[Stored data entries]
::::::
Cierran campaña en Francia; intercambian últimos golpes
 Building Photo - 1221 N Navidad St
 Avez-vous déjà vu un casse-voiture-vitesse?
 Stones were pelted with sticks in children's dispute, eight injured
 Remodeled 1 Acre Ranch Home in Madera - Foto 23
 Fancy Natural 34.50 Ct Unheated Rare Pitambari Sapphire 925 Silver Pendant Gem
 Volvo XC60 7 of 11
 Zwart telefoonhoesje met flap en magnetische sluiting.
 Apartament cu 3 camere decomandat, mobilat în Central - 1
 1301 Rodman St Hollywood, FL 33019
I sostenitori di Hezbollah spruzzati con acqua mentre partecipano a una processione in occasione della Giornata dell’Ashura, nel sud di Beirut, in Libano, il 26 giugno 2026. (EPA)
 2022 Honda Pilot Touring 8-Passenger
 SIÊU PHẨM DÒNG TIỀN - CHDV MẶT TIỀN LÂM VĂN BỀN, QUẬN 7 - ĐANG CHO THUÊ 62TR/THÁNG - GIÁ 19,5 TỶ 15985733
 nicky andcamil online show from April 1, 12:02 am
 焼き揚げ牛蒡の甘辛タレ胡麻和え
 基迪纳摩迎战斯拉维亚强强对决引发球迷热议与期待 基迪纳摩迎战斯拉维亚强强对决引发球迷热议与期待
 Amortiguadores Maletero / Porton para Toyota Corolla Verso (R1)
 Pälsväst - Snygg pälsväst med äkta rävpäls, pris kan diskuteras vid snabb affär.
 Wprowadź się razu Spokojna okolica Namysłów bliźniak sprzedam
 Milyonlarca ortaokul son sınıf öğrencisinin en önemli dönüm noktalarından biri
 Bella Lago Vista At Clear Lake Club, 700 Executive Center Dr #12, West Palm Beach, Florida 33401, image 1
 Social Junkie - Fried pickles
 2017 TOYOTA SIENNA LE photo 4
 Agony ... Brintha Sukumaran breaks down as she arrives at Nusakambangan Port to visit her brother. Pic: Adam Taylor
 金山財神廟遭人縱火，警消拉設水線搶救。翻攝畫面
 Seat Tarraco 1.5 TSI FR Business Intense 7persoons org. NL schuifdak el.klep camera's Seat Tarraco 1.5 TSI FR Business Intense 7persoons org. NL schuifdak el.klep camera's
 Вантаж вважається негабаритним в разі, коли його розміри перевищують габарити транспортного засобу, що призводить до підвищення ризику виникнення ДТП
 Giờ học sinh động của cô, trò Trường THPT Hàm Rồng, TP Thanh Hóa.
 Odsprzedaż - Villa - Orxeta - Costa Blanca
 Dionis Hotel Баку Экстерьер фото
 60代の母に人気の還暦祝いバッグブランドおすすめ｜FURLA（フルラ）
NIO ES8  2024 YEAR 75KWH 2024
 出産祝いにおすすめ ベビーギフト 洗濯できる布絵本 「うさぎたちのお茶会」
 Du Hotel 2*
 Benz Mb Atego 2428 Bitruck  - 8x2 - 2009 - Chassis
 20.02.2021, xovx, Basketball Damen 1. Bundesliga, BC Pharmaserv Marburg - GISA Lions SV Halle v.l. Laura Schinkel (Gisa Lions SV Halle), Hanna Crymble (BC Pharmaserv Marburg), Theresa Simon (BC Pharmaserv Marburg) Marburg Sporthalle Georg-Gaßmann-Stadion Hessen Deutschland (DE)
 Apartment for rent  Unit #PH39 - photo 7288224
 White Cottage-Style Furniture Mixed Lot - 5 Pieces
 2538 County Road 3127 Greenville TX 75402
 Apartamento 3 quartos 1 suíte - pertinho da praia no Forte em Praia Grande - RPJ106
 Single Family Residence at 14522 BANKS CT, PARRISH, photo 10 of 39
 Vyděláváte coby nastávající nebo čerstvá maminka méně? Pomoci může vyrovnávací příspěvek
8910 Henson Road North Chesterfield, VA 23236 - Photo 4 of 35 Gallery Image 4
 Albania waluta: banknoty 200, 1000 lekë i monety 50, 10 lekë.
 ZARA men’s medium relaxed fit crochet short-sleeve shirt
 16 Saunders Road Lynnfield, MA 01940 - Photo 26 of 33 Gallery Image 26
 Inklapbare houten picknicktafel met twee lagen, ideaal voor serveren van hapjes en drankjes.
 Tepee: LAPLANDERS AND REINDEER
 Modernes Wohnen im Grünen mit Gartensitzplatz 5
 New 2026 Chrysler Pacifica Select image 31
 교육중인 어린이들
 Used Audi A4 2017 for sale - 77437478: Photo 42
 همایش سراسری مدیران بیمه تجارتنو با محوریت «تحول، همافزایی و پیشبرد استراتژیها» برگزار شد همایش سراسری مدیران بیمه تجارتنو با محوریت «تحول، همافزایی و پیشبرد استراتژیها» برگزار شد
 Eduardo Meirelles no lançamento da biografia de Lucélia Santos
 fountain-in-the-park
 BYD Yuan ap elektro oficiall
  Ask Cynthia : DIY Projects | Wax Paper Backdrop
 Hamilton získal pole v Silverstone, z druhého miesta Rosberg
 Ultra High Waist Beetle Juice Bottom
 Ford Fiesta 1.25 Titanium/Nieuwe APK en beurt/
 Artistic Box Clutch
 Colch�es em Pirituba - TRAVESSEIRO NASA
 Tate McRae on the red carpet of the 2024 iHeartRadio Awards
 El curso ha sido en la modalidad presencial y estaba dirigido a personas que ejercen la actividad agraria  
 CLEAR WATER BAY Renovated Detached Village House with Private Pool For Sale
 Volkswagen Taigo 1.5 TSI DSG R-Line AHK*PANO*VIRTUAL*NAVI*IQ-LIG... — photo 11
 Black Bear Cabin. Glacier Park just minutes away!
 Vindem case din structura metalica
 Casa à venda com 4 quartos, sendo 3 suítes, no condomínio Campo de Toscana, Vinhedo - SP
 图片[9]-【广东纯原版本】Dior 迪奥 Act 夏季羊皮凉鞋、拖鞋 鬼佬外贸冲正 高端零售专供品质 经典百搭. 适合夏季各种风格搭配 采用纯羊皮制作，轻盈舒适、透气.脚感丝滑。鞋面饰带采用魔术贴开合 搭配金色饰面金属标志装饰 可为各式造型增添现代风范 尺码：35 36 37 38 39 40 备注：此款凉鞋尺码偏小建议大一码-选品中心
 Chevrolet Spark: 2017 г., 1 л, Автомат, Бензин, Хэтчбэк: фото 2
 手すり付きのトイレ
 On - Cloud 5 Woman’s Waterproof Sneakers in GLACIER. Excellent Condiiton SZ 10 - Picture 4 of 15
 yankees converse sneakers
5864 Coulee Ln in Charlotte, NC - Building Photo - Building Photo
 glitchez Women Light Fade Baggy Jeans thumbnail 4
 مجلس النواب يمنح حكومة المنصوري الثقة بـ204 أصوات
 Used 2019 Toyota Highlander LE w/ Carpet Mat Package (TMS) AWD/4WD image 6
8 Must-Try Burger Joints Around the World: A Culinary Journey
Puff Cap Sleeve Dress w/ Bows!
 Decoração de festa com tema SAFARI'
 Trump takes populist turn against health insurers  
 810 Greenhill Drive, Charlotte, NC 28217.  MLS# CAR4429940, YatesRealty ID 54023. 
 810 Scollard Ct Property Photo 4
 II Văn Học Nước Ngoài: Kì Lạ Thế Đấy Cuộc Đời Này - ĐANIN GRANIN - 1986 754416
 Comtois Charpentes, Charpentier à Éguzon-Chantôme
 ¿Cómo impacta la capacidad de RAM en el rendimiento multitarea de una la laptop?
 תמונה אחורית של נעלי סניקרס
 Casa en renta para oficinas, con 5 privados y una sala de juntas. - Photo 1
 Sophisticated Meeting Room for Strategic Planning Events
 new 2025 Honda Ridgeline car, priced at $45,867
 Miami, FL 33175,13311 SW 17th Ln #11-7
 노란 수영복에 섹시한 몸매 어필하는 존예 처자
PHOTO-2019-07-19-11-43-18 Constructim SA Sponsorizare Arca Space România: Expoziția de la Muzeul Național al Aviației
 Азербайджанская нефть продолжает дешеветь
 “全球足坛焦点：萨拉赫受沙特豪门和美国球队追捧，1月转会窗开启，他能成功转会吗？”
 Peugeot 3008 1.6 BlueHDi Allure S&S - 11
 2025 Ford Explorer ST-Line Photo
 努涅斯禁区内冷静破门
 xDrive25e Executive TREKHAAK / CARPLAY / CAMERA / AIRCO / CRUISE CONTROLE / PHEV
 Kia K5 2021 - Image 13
::::::
*WHAT THE EXERCISE ASKS*.
Word for word, restate the lines above from the line containing "Вантаж вважається негабаритним" through the line containing "Artistic Box Clutch", with both included and nothing else.

*TASK ANSWER*.
 Вантаж вважається негабаритним в разі, коли його розміри перевищують габарити транспортного засобу, що призводить до підвищення ризику виникнення ДТП
 Giờ học sinh động của cô, trò Trường THPT Hàm Rồng, TP Thanh Hóa.
 Odsprzedaż - Villa - Orxeta - Costa Blanca
 Dionis Hotel Баку Экстерьер фото
 60代の母に人気の還暦祝いバッグブランドおすすめ｜FURLA（フルラ）
NIO ES8  2024 YEAR 75KWH 2024
 出産祝いにおすすめ ベビーギフト 洗濯できる布絵本 「うさぎたちのお茶会」
 Du Hotel 2*
 Benz Mb Atego 2428 Bitruck  - 8x2 - 2009 - Chassis
 20.02.2021, xovx, Basketball Damen 1. Bundesliga, BC Pharmaserv Marburg - GISA Lions SV Halle v.l. Laura Schinkel (Gisa Lions SV Halle), Hanna Crymble (BC Pharmaserv Marburg), Theresa Simon (BC Pharmaserv Marburg) Marburg Sporthalle Georg-Gaßmann-Stadion Hessen Deutschland (DE)
 Apartment for rent  Unit #PH39 - photo 7288224
 White Cottage-Style Furniture Mixed Lot - 5 Pieces
 2538 County Road 3127 Greenville TX 75402
 Apartamento 3 quartos 1 suíte - pertinho da praia no Forte em Praia Grande - RPJ106
 Single Family Residence at 14522 BANKS CT, PARRISH, photo 10 of 39
 Vyděláváte coby nastávající nebo čerstvá maminka méně? Pomoci může vyrovnávací příspěvek
8910 Henson Road North Chesterfield, VA 23236 - Photo 4 of 35 Gallery Image 4
 Albania waluta: banknoty 200, 1000 lekë i monety 50, 10 lekë.
 ZARA men’s medium relaxed fit crochet short-sleeve shirt
 16 Saunders Road Lynnfield, MA 01940 - Photo 26 of 33 Gallery Image 26
 Inklapbare houten picknicktafel met twee lagen, ideaal voor serveren van hapjes en drankjes.
 Tepee: LAPLANDERS AND REINDEER
 Modernes Wohnen im Grünen mit Gartensitzplatz 5
 New 2026 Chrysler Pacifica Select image 31
 교육중인 어린이들
 Used Audi A4 2017 for sale - 77437478: Photo 42
 همایش سراسری مدیران بیمه تجارتنو با محوریت «تحول، همافزایی و پیشبرد استراتژیها» برگزار شد همایش سراسری مدیران بیمه تجارتنو با محوریت «تحول، همافزایی و پیشبرد استراتژیها» برگزار شد
 Eduardo Meirelles no lançamento da biografia de Lucélia Santos
 fountain-in-the-park
 BYD Yuan ap elektro oficiall
  Ask Cynthia : DIY Projects | Wax Paper Backdrop
 Hamilton získal pole v Silverstone, z druhého miesta Rosberg
 Ultra High Waist Beetle Juice Bottom
 Ford Fiesta 1.25 Titanium/Nieuwe APK en beurt/
 Artistic Box Clutch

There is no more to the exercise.